Archive for February, 2012

Bad Boy – Jim Thompson (Lion Books, 1955)

Posted in crime noir, pulp fiction, Vintage Sleaze Paperbacks with tags , on February 27, 2012 by vintagesleazepaperbacks

Here is a case of the pulp writer slipping “something else” onto the book racks simply on name value. Bad Boy isn’t a novel but a series of interlinked autobiographical vignettes…today we would call it a collection of creative non-fiction or flash memoir. Thompson offers anecdotes about his childhood, his restless father who could never decide on what to be (lawyer, oil man, insurance agent, realtor, lender), his three-year stint as a bellboy, which led to looks like Now and on Earth and A Swell-Looking Babe; a stay in a sanitorium to dry out, leading to The Alcoholics; a bizarre encounter with a smiling but psychotic sheriff who told a young Thompson he could kill Thompson and no one would ever know or care, leading to The Killer Inside Me and Pop. 1240…tales of odd jobs and odd men in the Depression era; working as a junior and senior reporter; writing stetckes and stories and then novels; hunger, desperation, and so on.

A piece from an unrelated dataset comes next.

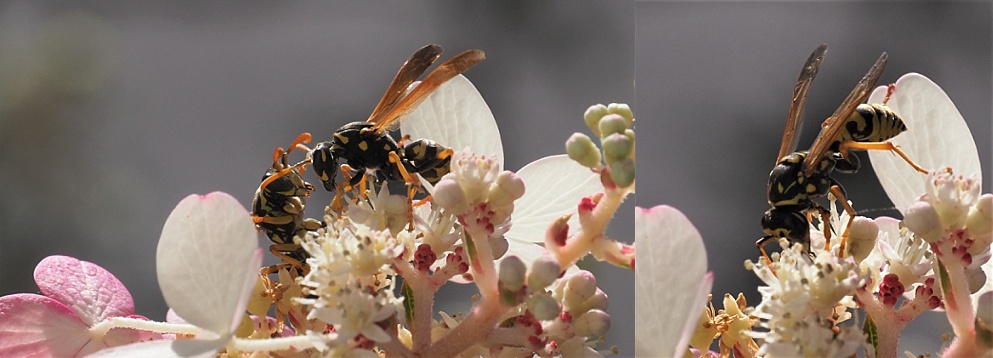 Wasps on pinky-winky hydrangea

According to the Thompson bio, Savage Art, he would later mine the chapters in this book and re-write them as stories and articles for magazines when he needed a few bucks.

A must-read for Thompson fans…if you are not into is work, you might not appreciate the memoir of it all.

Sweet Smell of Lust – Arnold Marmor (Intimate Books/Art Enterprises, 1962)

Posted in pulp fiction, Vintage Sleaze Paperbacks with tags , , on February 4, 2012 by vintagesleazepaperbacks

This one is from Art Enterprises, a shady Hollywood outfit that published some cheap little books under a variety of imprints, later investigated by the feds for money laundering and mob connections with a corpoate board made up of people who were dead or retirement homes and had no idea they were officers of some questionable southern California sleaze publisher.  (Apparently, Art Enterprises took over Midwood in the late 60s/70s in leiu of the debt Harry Shorten had incurred with mob types.)

Fittingly, this Marmor is set in Hollywood and has a similar feel to McCoy’s I Should Have Stayed Home: the petty rich and poor players of the movie industry, women using sex to get ahead, jealousies, games, strategies, art as commercial commodity.

This is a multi-character story and the problem, with Marmor’s short, snappy chapters, is you got lost in who is who, who is doing who, and what is going on.  But the basic story is: Nancy Pulver, a one-time famous 38 year old actress, is vying for the lead role in a ne film based on a bestseller, only the lead calls for a woman in her early 20s…Kitty is the young starlet up for the part, and she has been sleeping her way up the ladder…Gertie is the screenwriter and a die hard lesbian after any girl flesh in Hollywood…but before Kitty can get the part, she has to do a strip show at the director’s wild Hollywood party, plus sleep with Gertie…Kitty feels like a whore but she will do what it takes to get what she wants, but not if Nancy does something to destroy her.

There are other characters and other games, like taking down the studio head by framing his wife in a sex scandal, but the other storyline is the main meat.

Not bad, nothing great…another fun read…three of the chapters include sexy illustrations, something a little different.